With dirt flying and construction about to begin, the taxpayer dollars being used to woo a Costco store to Duluth are back in the news.
The bottom line: The public investment remains a good deal for Duluth, the Northland, shoppers, and all of us tax-paying residents, as was echoed in a News Tribune editorial in August.
Back then, the Duluth City Council voted unanimously to forgo $1.35 million in property taxes and the St. Louis County Board approved another $650,000 of property-tax relief to make possible the Costco store at Haines and Arrowhead roads, not far from Duluth International Airport.
While $2 million in public subsidies may seem pretty steep, the money is being used to make public improvements like traffic lights; sidewalks; turn lanes; and upgraded water, sewer, and stormwater systems. They’re improvements that benefit the whole community while also allowing for welcome and desirable development.
In addition, the delayed tax collections are expected to be recouped via sales taxes paid by the new store within about three years for the county and within about 12 to 13 years for the city. The deal also includes a project-labor agreement with the city for the public-infrastructure improvements and site-development costs. And the county will enter into a cooperative construction agreement, detailing road improvement requirements.
Perhaps the best part of the deal: the new Costco is expected to provide approximately 150 full- and part-time jobs that Duluth desperately needs, according to planning documents. The store is forecast to clear $70 million in gross sales every year.
"St. Louis County and Duluth are not giving away any money here," St. Louis County Commissioner Keith Nelson said at a July 28 County Board meeting. "If we were not putting this up (in) support … this project probably wouldn't happen, and the future taxes would not be collected."
“There's good reason to believe that Costco will lead to a real increase in our overall sales tax revenue sufficient to justify the aid," City Councilor Joel Sipress said at the council's July 20 meeting.
A comparison of our local subsidy with the tax breaks being offered by other communities also looking to land a Costco provides more evidence of a good deal.
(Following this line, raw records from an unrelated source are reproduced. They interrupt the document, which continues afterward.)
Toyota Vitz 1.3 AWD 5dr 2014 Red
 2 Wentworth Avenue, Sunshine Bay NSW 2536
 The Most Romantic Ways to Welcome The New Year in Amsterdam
As the News Tribune reported last week, Springfield, Missouri, is providing $4.8 million in public subsidy; Georgetown and Midland, Texas, about $11 million; and University City, Missouri, $70 million.
Costco is so sought after because, unlike other big-box retailers, it attracts customers from large regions, not just local communities. Duluth’s store is expected to even bring in Canadians who’ll also shop and spend money elsewhere in the Twin Ports. As City Councilor Arik Forsman pointed out, Costco has the ability to grow the retail-sales pie in Duluth rather than leaving smaller pieces for existing retailers.
“That helps alleviate concerns that you're just replacing one thing for another that you would otherwise be benefiting from. That wouldn't make any sense," Forsman said in the News Tribune on Nov. 24. "They are going to help attract new customers to Duluth that would not be here without a Costco or who would not be spending their money for certain things in Duluth without a Costco.”
This public-private partnership just makes sense — for Costco, for Duluth and the Northland, and for all of us who pay taxes here and are eager for the community to prosper.